To the Senate and House of Representatives of the United States

I transmit to Congress, for their information, copies of a letter from Admiral Cochrane, commanding His Britannic Majesty’s naval forces on the American station, to the Secretary of State, with his answer, and of a reply from Admiral Cochrane.

JAMES MADISON.

WASHINGTON, October 10, 1814.

To the Senate and House of Representatives of the United States

I lay before Congress communications just received from the plenipotentiaries of the United States charged with negotiating peace with Great Britain, showing the conditions on which alone that Government is willing to put an end to the war.

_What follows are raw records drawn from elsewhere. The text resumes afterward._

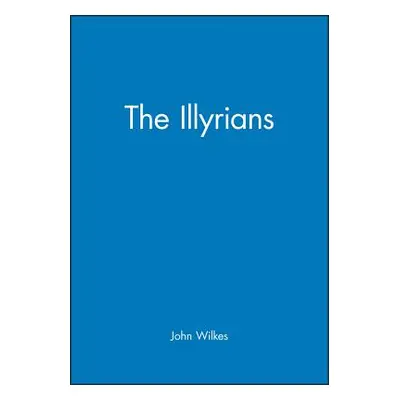 "Illyrians Peu" - "" ("Wilkes John")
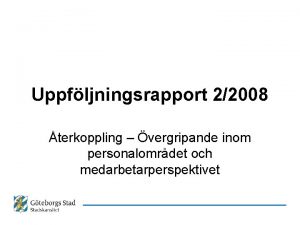 Uppfljningsrapport 22008 terkoppling vergripande inom personalomrdet och medarbetarperspektivet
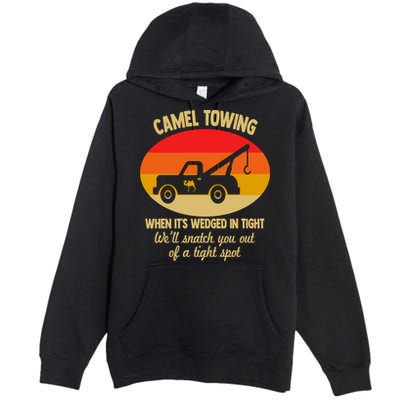 Camel Towing Retro Adult Camel Toe Funny Saying Gift Premium Pullover Hoodie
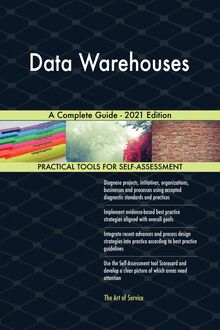 Data Warehouses A Complete Guide - 2021 Edition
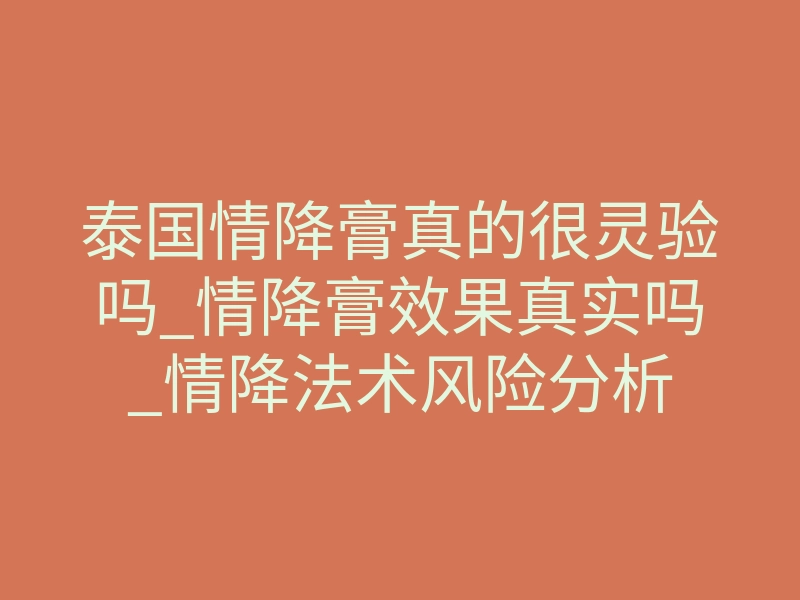 泰国情降膏真的很灵验吗_情降膏效果真实吗_情降法术风险分析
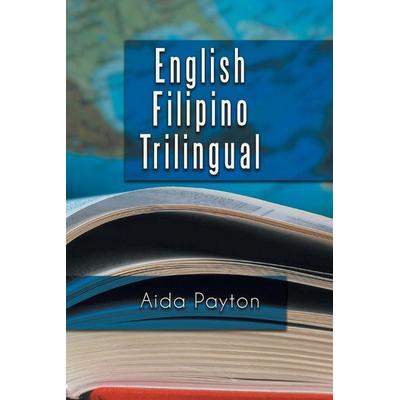 English Filipino Trilingual, Taschenbuch von Aida Payton, Xlibris, 978-1-4836-5423-2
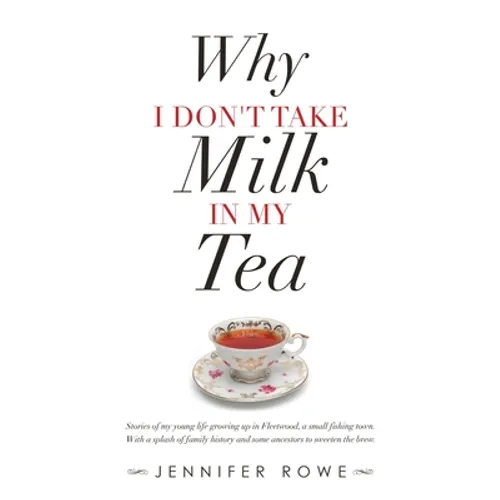 Why I Don't Take Milk in My Tea: Stories of My Young Life Growing up in Fleetwood, a Small Fishing Town. with a Splash of Family History and Some Ance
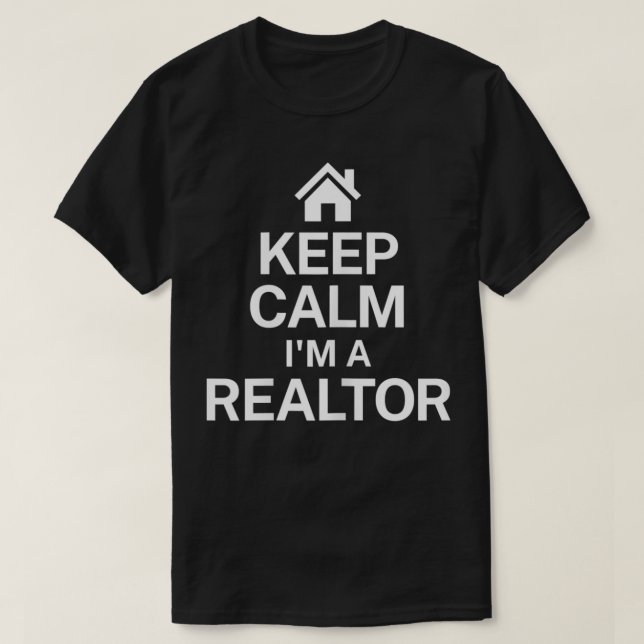 Womens Keep Calm I'm a Realtor Funny Real Estate A T-Shirt (Design Front)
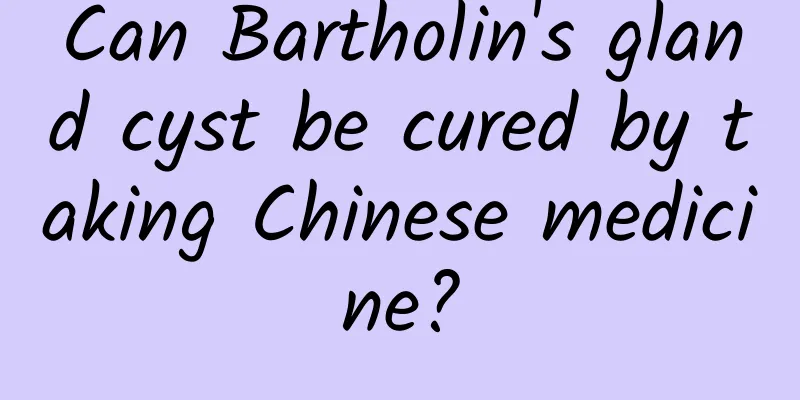 Can Bartholin's gland cyst be cured by taking Chinese medicine?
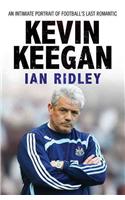 Kevin Keegan: An Intimate Portrait of Football's Last Romantic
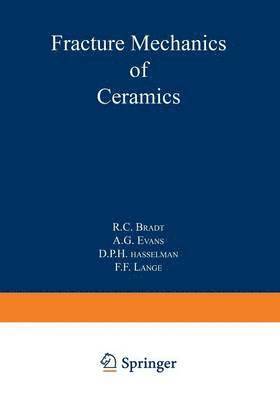 bokomslag Fracture Mechanics of Ceramics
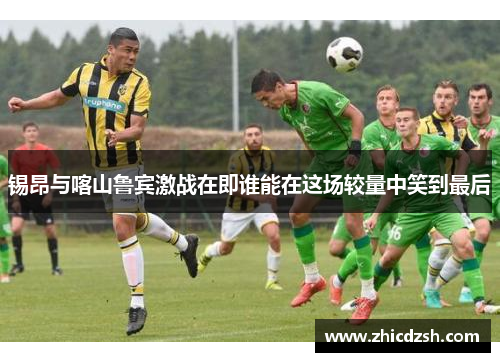 锡昂与喀山鲁宾激战在即谁能在这场较量中笑到最后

The instructions to those plenipotentiaries, disclosing the grounds on which they were authorized to negotiate and conclude a treaty of peace, will be the subject of another communication.

JAMES MADISON.

WASHINGTON, October 13, 1814.

To the Senate and House of Representatives of the United States

I now transmit to Congress copies of the instructions to the plenipotentiaries of the United States charged with negotiating a peace with Great Britain, as referred to in my message of the 10th instant.

JAMES MADISON.

DECEMBER 1, 1814.

To the Senate and House of Representatives of the United States

I transmit, for the information of Congress, the communications last received from the ministers extraordinary and plenipotentiary of the United States at Ghent, explaining the course and actual state of their negotiations with the plenipotentiaries of Great Britain.

JAMES MADISON.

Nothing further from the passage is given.